### Activity
Where the line containing "Foxglove Sinos Flores" appears in the records below, begin there and repeat each line exactly through the final one, dropping all pictures.
+++ Records for the task
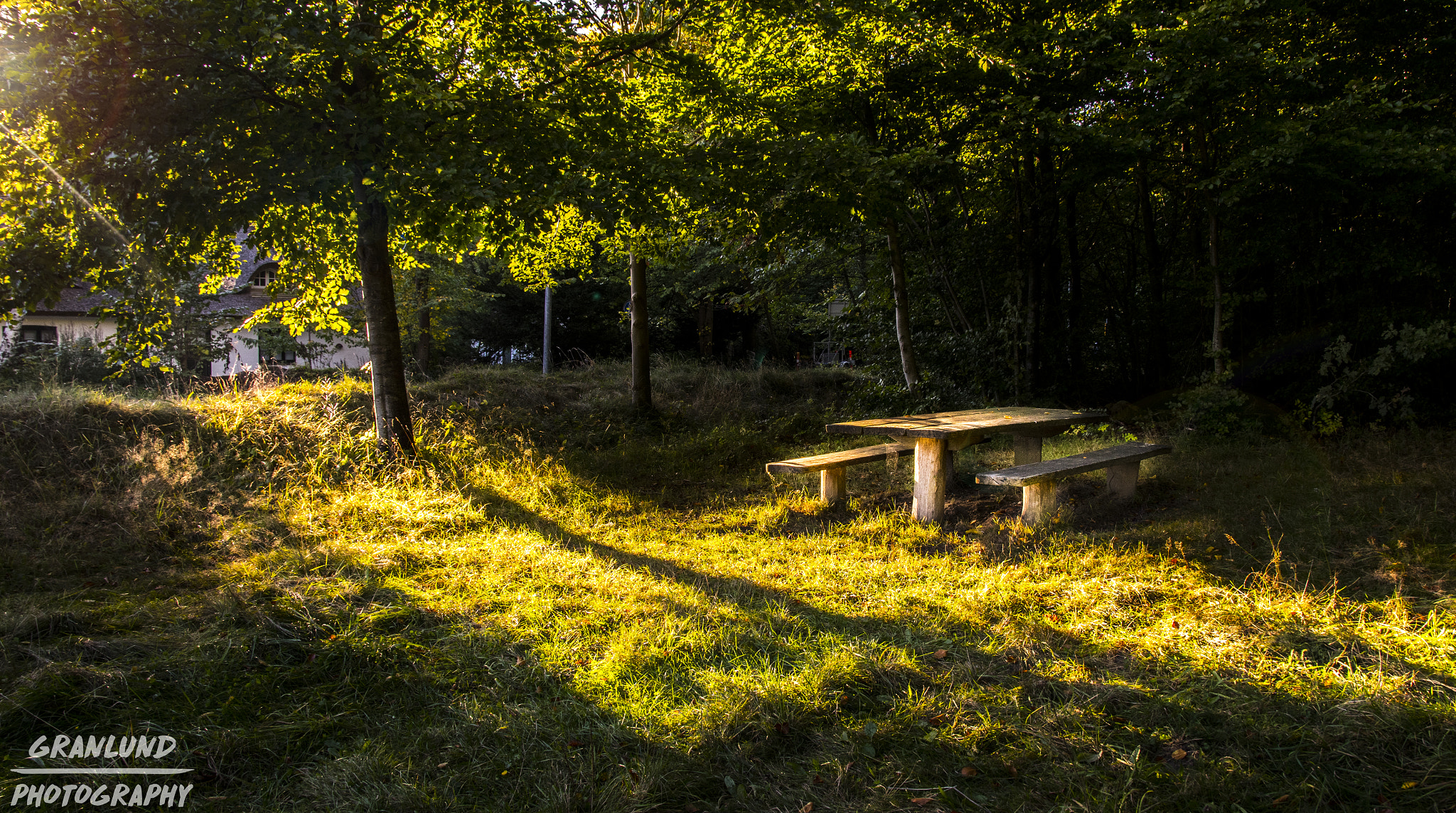 Sigma 17-50mm F2.8 EX DC OS HSM sample photo. The sun always shines photography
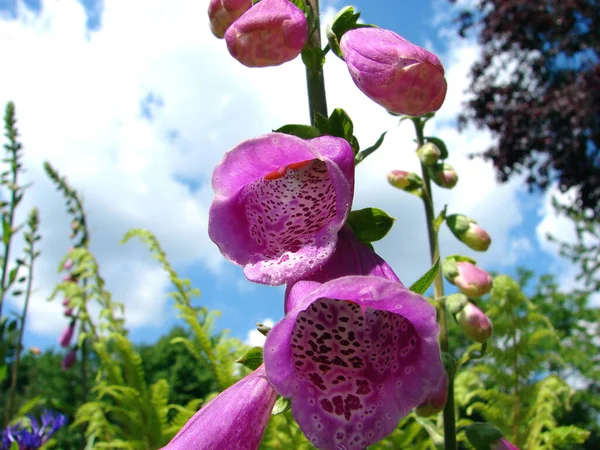 Foxglove Sinos Flores Flora — Fotografia de Stock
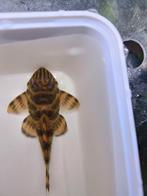 L306 pleco's, Dieren en Toebehoren, Vissen | Aquariumvissen
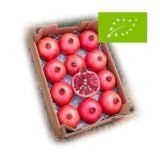 Caja Granada Acco BIO – 1 Kg / 2,5 Kg / 4 Kg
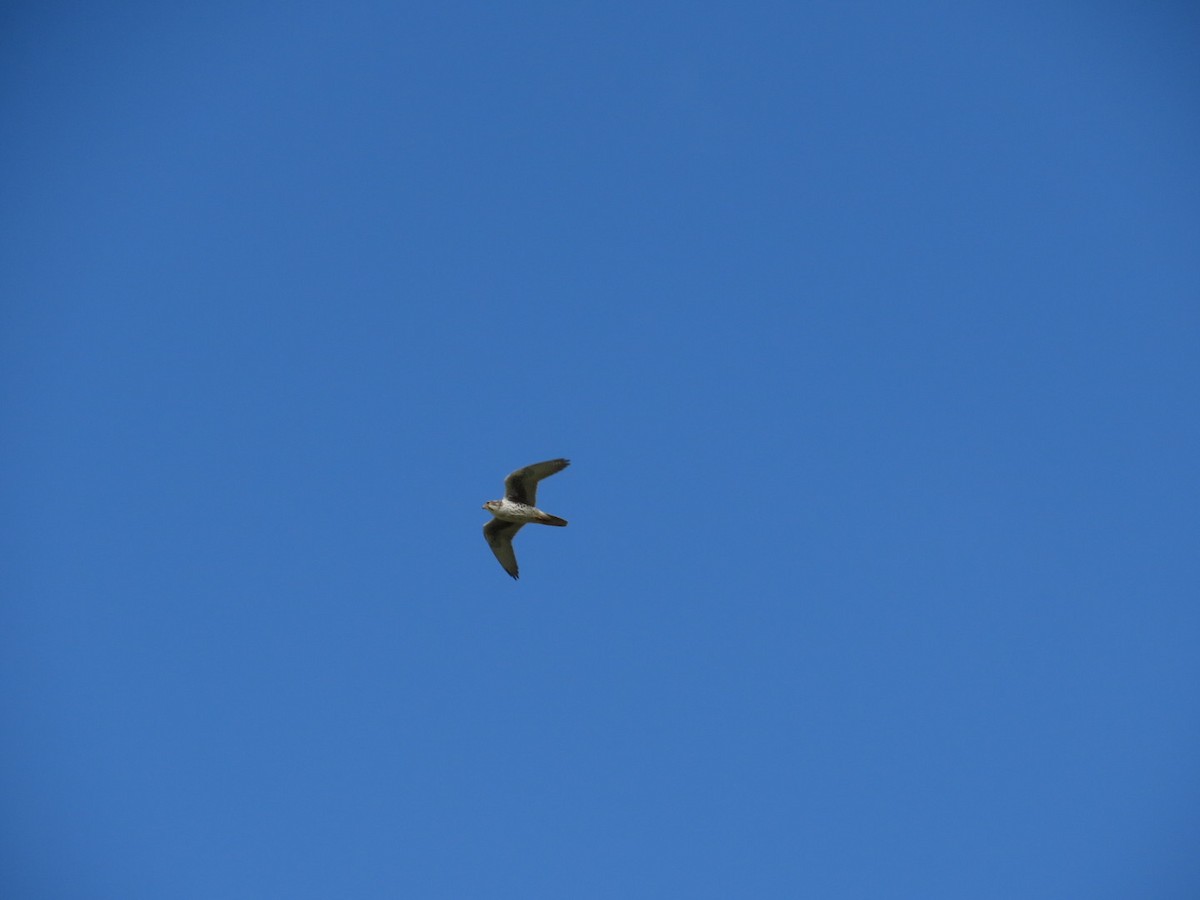 Prairie Falcon - Luca Cacciottolo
++++++
### Solution for this task
 Foxglove Sinos Flores Flora — Fotografia de Stock
 L306 pleco's, Dieren en Toebehoren, Vissen | Aquariumvissen
 Caja Granada Acco BIO – 1 Kg / 2,5 Kg / 4 Kg
 Prairie Falcon - Luca Cacciottolo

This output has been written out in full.